Correspondingly, the glossary definition, and that used on the MT's page, should be changed to the dictionary definition. The current glossary definition, unlike Iverson's dictionary definition, would admit VA and VCV as trains since the results are non-nouns. Meanwhile, that offered on the MT page would do so because no verb is evaluated. The dictionary definition gives a much more useful distinction; we want a term to distinguish between e.g. VACV and VVV, as both the parsing dynamics and the interpretation rules are different between them. VCV can already be referred to as a tacit verb or verb phrase.

Not a train

This section refered to an old version of this page. --Raul Miller (talk) 14:59, 6 July 2024 (UTC)

CAUTION: as of 6 July 2024, the overview table omits some of the examples where the result of an intermediate phrase results in the construction of a modifier train. Those (including examples like VNC which are included in the table (VNC because the only other possibility is an error when evaluating the verb)) should probably be instead listed in a separate table.

Currently the Modifier Trains table includes some rows which are not modifier trains. But it's also missing some examples of such things.

These may be noun phrases: NAA VAA VNA VVA NAN VAN NCN VCN NVN VVN NCV VCV NA VA VN

These are verb forks: NVV VVV

These may be verb hooks: VNA VVA NAV VAV VV (VV is always a verb hook)

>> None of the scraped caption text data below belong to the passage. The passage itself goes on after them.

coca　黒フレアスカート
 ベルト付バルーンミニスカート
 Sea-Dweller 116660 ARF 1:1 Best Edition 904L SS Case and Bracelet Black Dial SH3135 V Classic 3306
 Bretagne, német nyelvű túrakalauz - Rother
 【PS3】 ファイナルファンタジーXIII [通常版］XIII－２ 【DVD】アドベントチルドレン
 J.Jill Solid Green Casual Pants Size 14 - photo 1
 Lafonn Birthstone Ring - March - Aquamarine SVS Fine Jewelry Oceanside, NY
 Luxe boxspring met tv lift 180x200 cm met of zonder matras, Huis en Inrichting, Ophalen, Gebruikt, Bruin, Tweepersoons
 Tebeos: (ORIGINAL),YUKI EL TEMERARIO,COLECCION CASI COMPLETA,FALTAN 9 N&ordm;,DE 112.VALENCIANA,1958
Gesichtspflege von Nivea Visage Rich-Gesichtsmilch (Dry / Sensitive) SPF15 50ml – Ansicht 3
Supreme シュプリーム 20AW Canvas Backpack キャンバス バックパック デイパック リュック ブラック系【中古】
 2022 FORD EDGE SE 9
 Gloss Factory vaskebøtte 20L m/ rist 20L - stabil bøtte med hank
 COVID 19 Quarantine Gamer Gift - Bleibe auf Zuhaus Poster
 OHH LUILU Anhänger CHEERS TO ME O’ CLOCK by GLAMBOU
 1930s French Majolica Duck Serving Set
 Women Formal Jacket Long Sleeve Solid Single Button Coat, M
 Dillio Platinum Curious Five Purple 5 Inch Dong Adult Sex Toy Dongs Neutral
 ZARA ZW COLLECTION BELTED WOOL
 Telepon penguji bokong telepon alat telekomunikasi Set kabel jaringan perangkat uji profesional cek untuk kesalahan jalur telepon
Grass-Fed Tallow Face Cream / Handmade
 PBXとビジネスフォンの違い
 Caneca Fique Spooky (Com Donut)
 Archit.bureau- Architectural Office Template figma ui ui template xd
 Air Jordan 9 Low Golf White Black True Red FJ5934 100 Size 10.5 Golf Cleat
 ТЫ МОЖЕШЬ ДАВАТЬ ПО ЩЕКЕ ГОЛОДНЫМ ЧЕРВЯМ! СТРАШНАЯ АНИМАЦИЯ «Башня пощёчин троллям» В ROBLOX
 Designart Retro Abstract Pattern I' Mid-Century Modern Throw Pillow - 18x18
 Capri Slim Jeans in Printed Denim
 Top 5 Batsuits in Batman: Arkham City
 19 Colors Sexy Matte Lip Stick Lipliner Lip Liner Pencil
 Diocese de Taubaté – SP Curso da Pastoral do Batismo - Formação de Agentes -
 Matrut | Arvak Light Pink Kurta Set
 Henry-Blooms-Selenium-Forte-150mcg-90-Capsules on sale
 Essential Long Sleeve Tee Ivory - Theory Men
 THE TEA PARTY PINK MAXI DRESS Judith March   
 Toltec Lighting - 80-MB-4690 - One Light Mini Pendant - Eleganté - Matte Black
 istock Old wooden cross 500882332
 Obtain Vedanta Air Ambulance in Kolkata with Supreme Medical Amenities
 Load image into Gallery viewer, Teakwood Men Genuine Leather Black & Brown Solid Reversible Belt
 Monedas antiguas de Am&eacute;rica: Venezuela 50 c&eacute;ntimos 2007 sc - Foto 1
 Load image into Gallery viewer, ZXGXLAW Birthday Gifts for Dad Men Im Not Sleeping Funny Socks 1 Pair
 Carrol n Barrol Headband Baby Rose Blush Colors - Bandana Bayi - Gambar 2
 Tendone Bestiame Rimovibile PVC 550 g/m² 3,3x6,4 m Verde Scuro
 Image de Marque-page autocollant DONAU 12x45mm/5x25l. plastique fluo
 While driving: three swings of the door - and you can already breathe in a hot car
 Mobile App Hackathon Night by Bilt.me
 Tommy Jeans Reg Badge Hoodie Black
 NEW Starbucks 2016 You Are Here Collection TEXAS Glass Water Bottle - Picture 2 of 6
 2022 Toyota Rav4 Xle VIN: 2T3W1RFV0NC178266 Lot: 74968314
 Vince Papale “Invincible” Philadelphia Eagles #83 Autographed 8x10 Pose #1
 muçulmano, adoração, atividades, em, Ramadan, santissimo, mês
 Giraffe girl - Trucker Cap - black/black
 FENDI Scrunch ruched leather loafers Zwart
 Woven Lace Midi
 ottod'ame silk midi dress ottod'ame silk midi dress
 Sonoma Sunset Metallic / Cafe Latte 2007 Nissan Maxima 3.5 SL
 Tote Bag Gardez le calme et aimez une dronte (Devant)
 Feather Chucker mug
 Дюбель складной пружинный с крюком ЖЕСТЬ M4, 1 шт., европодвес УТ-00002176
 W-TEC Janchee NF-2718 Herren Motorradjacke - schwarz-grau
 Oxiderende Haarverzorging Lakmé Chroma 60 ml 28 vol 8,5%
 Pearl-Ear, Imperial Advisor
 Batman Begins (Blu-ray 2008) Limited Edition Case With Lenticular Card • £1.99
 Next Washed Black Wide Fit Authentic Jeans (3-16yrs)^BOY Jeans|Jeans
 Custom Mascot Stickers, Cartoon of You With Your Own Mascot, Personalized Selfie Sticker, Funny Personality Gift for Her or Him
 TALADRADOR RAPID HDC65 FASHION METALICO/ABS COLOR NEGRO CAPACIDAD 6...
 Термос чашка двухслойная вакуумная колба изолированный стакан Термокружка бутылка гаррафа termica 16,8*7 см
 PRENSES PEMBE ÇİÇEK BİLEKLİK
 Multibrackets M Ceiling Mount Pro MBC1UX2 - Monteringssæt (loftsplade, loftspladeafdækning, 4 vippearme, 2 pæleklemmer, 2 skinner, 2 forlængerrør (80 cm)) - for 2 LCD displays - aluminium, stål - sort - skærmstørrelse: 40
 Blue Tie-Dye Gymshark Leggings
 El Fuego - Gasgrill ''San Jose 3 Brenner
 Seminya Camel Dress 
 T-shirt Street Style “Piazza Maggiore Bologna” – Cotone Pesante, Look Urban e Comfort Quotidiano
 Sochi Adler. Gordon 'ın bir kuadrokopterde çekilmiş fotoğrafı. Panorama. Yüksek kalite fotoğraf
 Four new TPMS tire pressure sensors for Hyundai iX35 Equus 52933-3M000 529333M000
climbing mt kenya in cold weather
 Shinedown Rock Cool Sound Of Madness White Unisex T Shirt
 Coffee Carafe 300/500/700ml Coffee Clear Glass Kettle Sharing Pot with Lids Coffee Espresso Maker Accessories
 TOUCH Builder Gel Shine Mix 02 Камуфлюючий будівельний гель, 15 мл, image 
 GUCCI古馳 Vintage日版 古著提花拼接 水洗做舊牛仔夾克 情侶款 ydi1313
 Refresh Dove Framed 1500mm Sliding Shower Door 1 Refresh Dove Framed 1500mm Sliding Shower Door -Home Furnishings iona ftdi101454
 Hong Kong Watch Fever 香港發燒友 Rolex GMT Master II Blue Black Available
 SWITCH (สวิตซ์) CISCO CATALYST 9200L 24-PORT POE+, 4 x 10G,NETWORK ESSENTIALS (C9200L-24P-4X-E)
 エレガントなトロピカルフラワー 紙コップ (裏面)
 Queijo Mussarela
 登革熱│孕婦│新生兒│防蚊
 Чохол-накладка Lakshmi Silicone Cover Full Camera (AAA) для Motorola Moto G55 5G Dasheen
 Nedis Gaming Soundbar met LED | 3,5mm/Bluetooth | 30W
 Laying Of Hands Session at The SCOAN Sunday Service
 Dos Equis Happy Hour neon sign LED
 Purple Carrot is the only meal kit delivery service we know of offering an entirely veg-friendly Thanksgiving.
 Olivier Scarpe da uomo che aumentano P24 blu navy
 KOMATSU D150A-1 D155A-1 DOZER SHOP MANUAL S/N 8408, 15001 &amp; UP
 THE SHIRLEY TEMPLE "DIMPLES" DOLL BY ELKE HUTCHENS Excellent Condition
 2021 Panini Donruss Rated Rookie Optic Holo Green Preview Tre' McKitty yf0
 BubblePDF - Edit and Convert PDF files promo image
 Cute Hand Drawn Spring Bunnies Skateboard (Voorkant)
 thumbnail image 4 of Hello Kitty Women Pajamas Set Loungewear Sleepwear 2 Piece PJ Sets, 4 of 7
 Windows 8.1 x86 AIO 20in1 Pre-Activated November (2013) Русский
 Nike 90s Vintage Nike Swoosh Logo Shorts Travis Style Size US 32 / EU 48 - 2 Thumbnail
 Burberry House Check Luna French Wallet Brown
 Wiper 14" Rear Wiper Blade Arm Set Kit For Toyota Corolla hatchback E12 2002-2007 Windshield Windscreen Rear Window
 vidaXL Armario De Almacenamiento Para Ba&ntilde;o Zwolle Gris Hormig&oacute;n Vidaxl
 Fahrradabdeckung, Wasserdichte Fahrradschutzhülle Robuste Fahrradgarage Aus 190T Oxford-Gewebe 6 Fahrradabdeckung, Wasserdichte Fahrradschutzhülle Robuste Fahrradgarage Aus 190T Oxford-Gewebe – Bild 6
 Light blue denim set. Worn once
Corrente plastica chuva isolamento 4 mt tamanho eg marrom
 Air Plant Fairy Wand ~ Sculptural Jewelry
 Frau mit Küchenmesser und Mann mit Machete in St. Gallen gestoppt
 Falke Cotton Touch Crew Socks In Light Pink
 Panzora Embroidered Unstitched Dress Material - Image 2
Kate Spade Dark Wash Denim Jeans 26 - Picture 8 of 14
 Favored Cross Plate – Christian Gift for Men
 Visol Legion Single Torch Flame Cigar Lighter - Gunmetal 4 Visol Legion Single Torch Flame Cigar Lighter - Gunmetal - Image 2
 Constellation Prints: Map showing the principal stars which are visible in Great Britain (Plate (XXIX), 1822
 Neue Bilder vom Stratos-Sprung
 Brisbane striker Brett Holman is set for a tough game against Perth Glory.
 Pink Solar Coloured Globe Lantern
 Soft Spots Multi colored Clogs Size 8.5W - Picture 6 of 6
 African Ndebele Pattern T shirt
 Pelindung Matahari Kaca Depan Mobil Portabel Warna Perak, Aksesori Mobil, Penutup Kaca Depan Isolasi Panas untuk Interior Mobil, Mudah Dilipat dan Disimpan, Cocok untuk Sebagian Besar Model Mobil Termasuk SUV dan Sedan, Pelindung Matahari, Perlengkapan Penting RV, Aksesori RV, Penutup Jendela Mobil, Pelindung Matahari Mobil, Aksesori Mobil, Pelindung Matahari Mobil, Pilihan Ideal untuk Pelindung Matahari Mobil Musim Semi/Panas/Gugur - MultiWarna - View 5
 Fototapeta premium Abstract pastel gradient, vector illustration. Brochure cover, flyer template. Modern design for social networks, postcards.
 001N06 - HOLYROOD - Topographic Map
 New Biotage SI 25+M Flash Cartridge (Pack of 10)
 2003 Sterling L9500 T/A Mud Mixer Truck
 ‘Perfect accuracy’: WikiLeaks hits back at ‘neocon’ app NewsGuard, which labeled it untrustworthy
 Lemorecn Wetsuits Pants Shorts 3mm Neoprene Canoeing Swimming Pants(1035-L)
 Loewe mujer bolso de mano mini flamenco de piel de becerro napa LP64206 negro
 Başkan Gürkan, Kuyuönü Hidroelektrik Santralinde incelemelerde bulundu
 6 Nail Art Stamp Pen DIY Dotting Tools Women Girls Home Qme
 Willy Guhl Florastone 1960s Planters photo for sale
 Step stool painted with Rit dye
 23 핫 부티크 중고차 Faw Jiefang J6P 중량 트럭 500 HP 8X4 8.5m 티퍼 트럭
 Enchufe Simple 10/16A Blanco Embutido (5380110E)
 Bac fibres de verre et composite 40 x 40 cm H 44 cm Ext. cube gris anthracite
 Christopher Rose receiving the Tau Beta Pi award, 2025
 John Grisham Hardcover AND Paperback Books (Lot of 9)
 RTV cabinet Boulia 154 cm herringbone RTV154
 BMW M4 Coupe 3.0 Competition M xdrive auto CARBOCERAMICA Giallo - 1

These may be verb phrases: NNA VNA NVA VVA NAA VAA NCN VCN NCV VCV NA VA

These may be adverb phrases: NAA VAA NCN VCN NCV VCV NA VA

These may be conjunction phrases: NAA VAA NCN VCN NCV VCV NA VA

Meanwhile, these may produce modifier trains (in some cases because of a contained phrase which produces the necessary intermediate result):

  AAA CAA NAA VAA ACA CCA NCA VCA ANA AVA NNA VNA NVA VVA 
  NAC VAC ACC CCC NCC VCC VNC CVC VVC NAN VAN ACN CCN AAV 
  NAV VAV ACV CCV AVV CVV  AA CA AC CC NC VC CN AV CV                                                      

While these all seem to always create errors:

  CNA CVA AAC CAC ANC CNC NNC AVC NVC AAN CAN ANN CNN NNN 
  VNN AVN CVN CAV ANV CNV NNV VNV AN  NN  NV              

I'm currently not sure whether it would be better to remove rows from the table which do not produce modifier trains or whether it would be better to add rows (and examples) for the cases which are not errors but which are currently missing from the table. --Raul Miller (talk) 08:13, 6 July 2024 (UTC)

"Trains" column of initial table

I'm dissatisfied with the "Trains" column of the initial table. It's inadequate for the task and, thus, confusing. I think its contents should be replaced with diagrams showing how arguments get applied. Perhaps like the diagrams at https://www.jsoftware.com/papers/fork1.htm or https://www.jsoftware.com/help/dictionary/dictf.htm

That said, this is complicated by the multi-stage character of some of these trains, and by the removal of some of the conjunctions (like odd and even) which would have lended themselves to constructing simple examples.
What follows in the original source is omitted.